Examples. hello-world; utf8-string; exact-integer?.

Booleans.

There are exactly two Boolean values, “false” and “true”. The “false” value compares less-than the “true” value. We write #f for “false”, and #t for “true”.

Examples. #f; #t.

IEEE floating-point values.

A Float is a single-precision IEEE 754 floating-point value; a Double is a double-precision IEEE 754 floating-point value. Floats, Doubles and SignedIntegers are considered disjoint, and so by the rules above, every Float is less than every Double, and every SignedInteger is less than both. Two Floats or two Doubles are to be ordered by the totalOrder predicate defined in section 5.10 of IEEE Std 754-2008. We write examples using standard mathematical notation, avoiding NaN and infinities, using a suffix f or d to indicate Float or Double, respectively.

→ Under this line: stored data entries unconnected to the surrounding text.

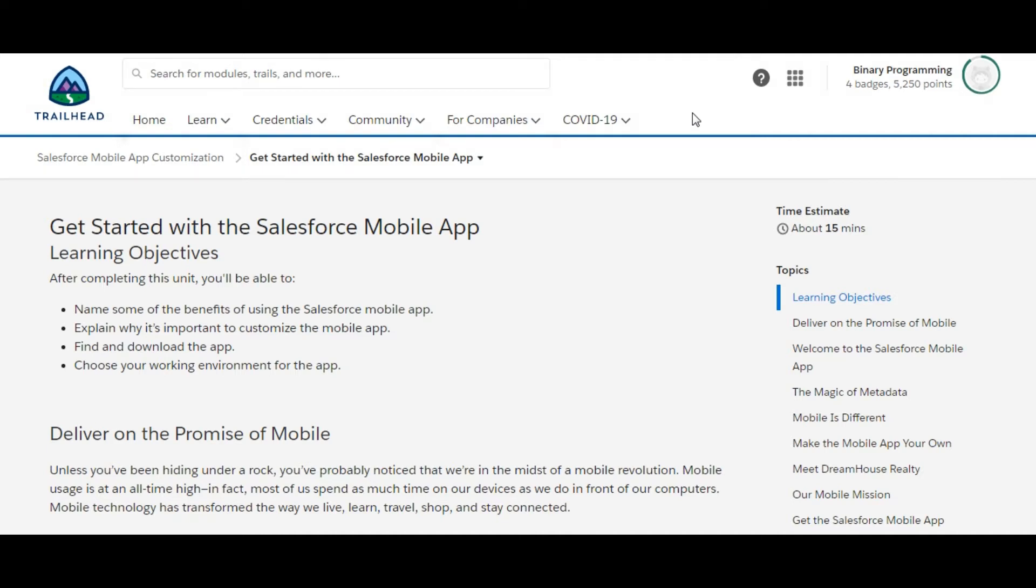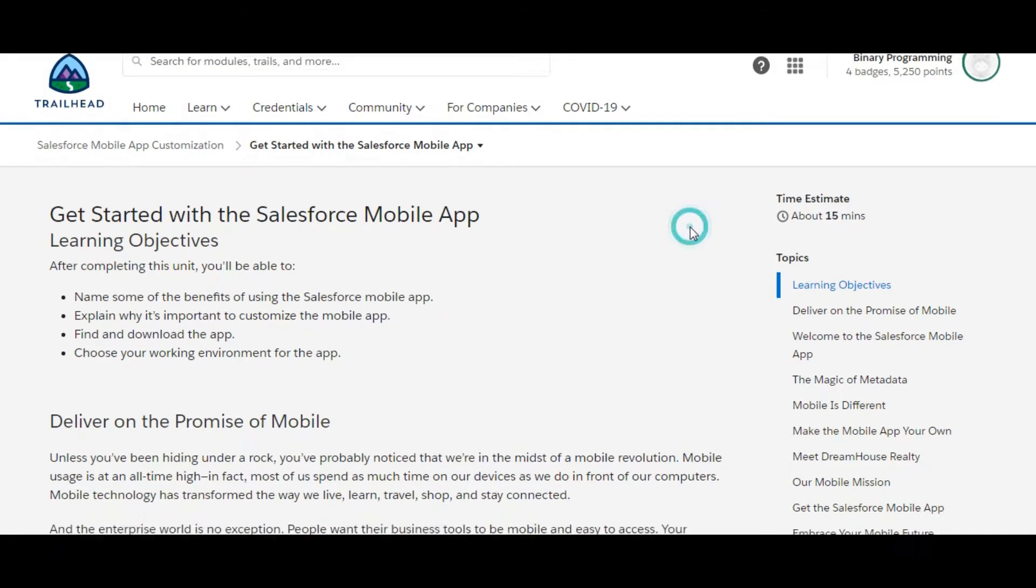Hello guys, welcome to Binary Programming. In this video we will solve the first challenge of Salesforce Mobile App Customization module. The name of the challenge is Get Started with the Salesforce Mobile App.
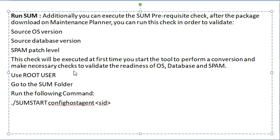And finally, we run the SUM tool for the conversion by using the data that is generated by Maintenance Planner.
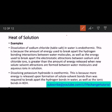Secondly, dissolving potassium hydroxide is exothermic because more energy is released upon formation of solute-solvent bonds than was required to break apart hydrogen bonds in water as well as ionic bonds in KOH.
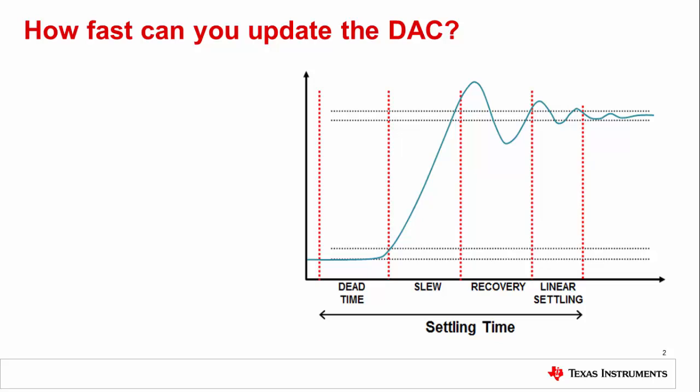Now that we understand settling time, let's look at the other half of the update rate story: the digital interface. This will be the SPI, I squared C, or parallel interface that tells the DAC what the next value is.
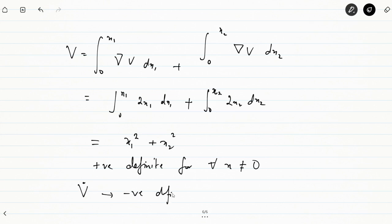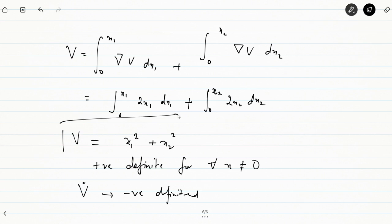This Lyapunov function V = x1² + x2² is positive definite for all values of x1 and x2, and V̇ = minus 12·x1²/(1 + x1²)² minus 4·x2²/(1 + x1²)² is less than zero. It satisfies both conditions for stability, and therefore the equilibrium point is globally stable. This demonstrates how to use the variable gradient method to find the energy function.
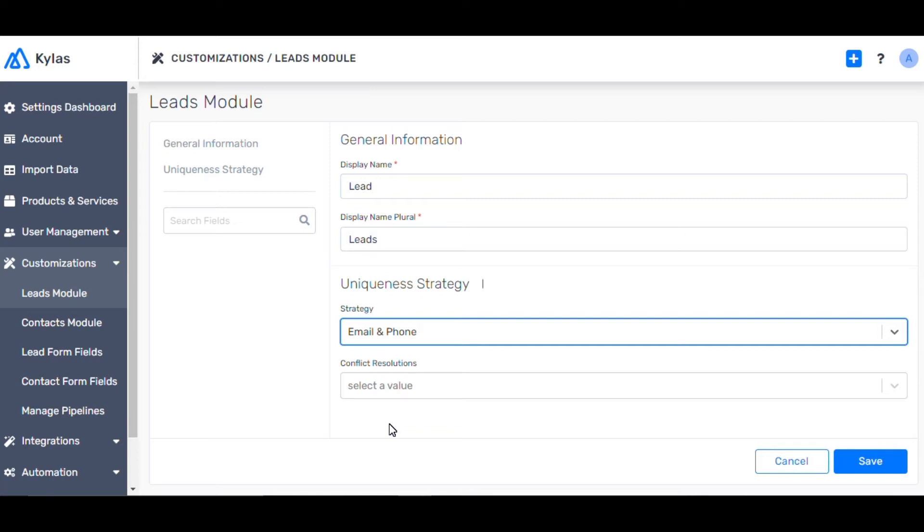You have to select the uniqueness strategy before importing leads. If you have set uniqueness as none, the CRM will accept all leads including duplicates.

Examples. 10f; -6d; 0f; 0.5d; -1.202e300d.

Non-examples. 10, -6, and 0, because writing them this way indicates SignedIntegers, not Floats or Doubles.

Records.

A Record is a labelled tuple of zero or more Values, called the record's fields. A record's label is, itself, a Value, though it will usually be a Symbol.4 5 Records are compared lexicographically as if they were just tuples; that is, first by their labels, and then by the remainder of their fields. We will only write examples of Records having labels that are Symbols entirely composed of ASCII characters. Such Records will be written as a parenthesised, space-separated sequence of their label followed by their fields.

Examples. The Record with label foo and fields 1, 2 and 3 is written (foo 1 2 3); the Record with label void and no fields is written (void).

Sequences.

A Sequence is a general-purpose, variable-length ordered sequence of zero or more Values. Sequences are compared lexicographically, appealing to the ordering on Values for comparisons at each position in the Sequences. We write examples space-separated, surrounded with square brackets.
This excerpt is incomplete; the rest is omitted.